Originally published in the Deseret News.
The day after Thomas S. Monson died, I taped a radio program in downtown Salt Lake City. As I interacted with people at the station — both LDS and non-LDS — I noticed a divergence in their views about the LDS prophet’s passing. Understandably, they viewed President Monson’s death as a main event for participating members of the LDS faith, but not a big deal for others. I disagree.
Utah is a Mormon state, but Salt Lake City is not a Mormon town. For several years now, members of the LDS faith have been a minority. Utah is diversifying and changing in other places, as well. It’s a beautiful thing as people have flocked here to enjoy all Utah offers. But let’s be clear, members and nonmembers of the LDS faith benefit when the LDS Church has great leadership.
President Monson is a transcendent figure because of his length of service (54 years as an LDS apostle) and his contributions during his ministry. I will leave ecclesiastical contributions, of which there are many, to those called to the formal ministry, but highlight pivotal public leadership moments during his final years of service. He used his stewardship to make Utah better for all Utahns.
In 2010, community leaders developed the Utah Compact, a declaration of five principles to guide immigration policies. The LDS Church supported the effort and issued a statement saying the Compact is “consistent with important principles for which we stand.” The Compact served as a forerunner to Utah immigration laws that balanced the need for enforcement with compassion. Approximately a dozen states have replicated the Utah Compact in some form. The Compact made Utah a more inclusive and compassionate state, and it is part of President Monson’s living legacy.
Female missionary service
In 2012, President Monson joyfully announced that LDS women are eligible to serve as full-time missionaries starting at age 19 (instead of 21). This change aroused a sleeping giant in young women eager to serve. The number of women serving as full-time missionaries doubled. The change has empowered young women in the church, increased their self-awareness and confidence, enhanced their leadership and language skills and expanded their experiences. Missionaries from Utah return here ready to serve and make our state even better. Female missionaries are part of President Monson’s living legacy.

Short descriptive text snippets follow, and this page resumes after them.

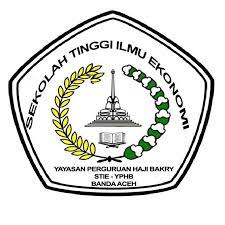 logo Sekolah Tinggi Ilmu Ekonomi YPHB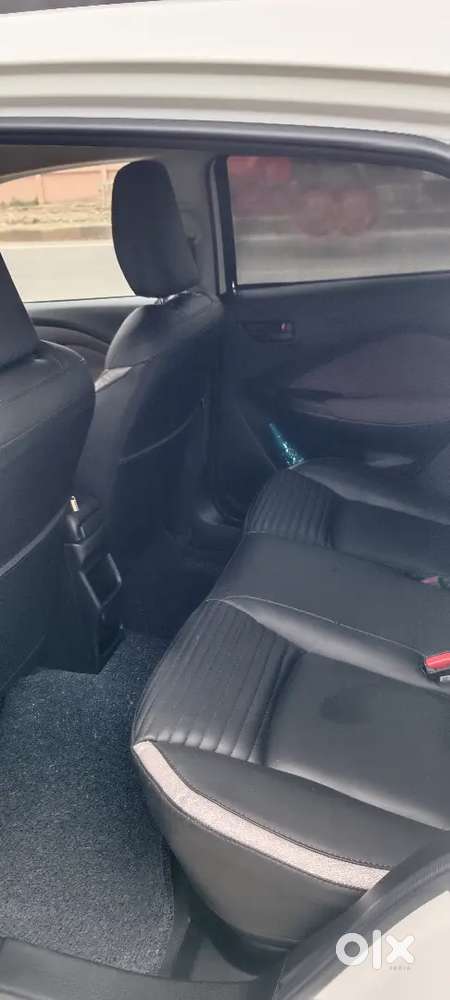 Toyota Urban Cruiser Taisor 2026 Cng & Hybrids 5200 Km Driven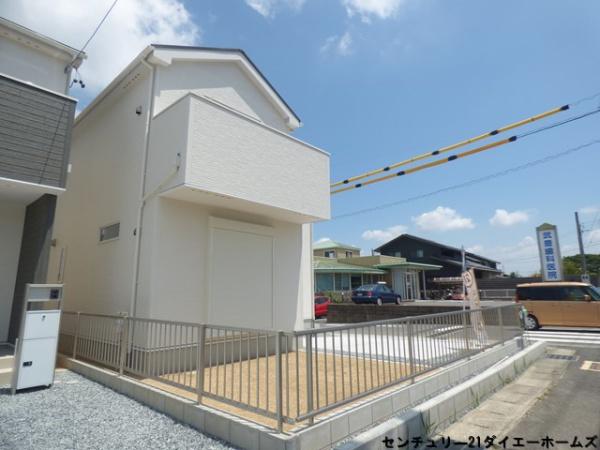 武豊町天神前22-1期　2号棟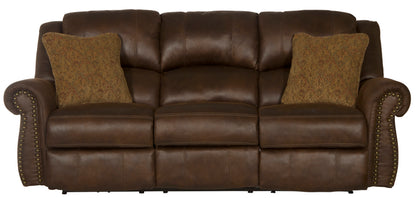 Pickett - Reclining Sofa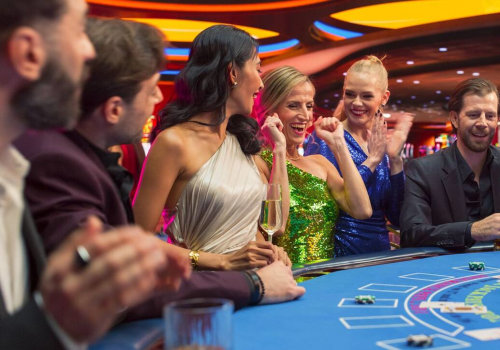 La verità sui pagamenti dei casinò online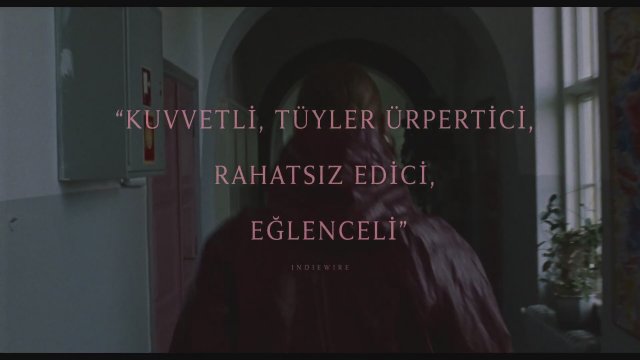 Armand (2024) Türkçe Altyazılı Fragman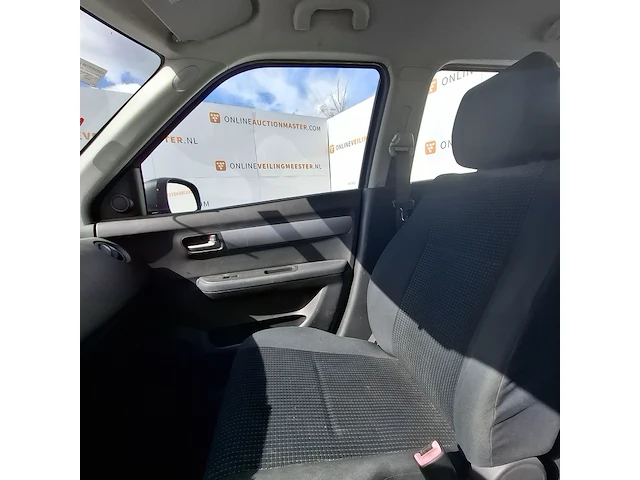 Personenauto suzuki, swift 1.3gls, bouwjaar 2008 - afbeelding 6 van  27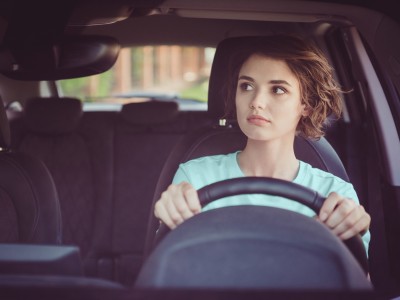 7 Tipps zum Umgang mit Dränglern auf der Autobahn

In 2015, the state passed landmark legislation that balances religious freedoms and protections against discrimination of LGBT people in the workplace and housing. It was a monumental step for civility, compassion, freedom and fairness. It elevated Utah to a better place by granting protections for religious freedom and fairness in housing and employment. It affirmed that discrimination anddenial of a person’s right to believe as their conscience dictates are wrong. The LDS Church supported this legislation, and it is part of President Monson’s living legacy.
In 2016, the LDS Church launched the “I was a stranger” effort to assist refugees in their own communities. LDS leadership asked members to help refugees in their local communities. The effort caught the attention of the Wall Street Journal, which opined, “With welcoming stance, conservative Utah charts its own course with refugees.” Approximately 60,000 refugees from more than 20 countries live in Utah. Many have been kidnapped, beaten and tortured. They are strangers in need of friends, and we have a moral responsibility to lend aid. Refugee aid is part of President Monson’s living legacy, not only in Utah, but around the world.
There’s an old saying: “Everyone in Utah is a Mormon. They’re either an active Mormon, a former Mormon, a jack Mormon, a future Mormon, a non-Mormon or an anti-Mormon — pick your moniker.”
This play on words need not be true. Great leaders in The Church of Jesus Christ of Latter-day Saints are good for the whole state. We are one state doing our very best to keep Utah beautiful, prosperous and neighborly. We occasionally fall short, but we keep trying.
When a community leader passes regardless of their faith tradition, I harken back to the well-known John Donne poem: “Any man’s death diminishes me, because I am involved in mankind, and therefore never send to know for whom the bell tolls; it tolls for thee.”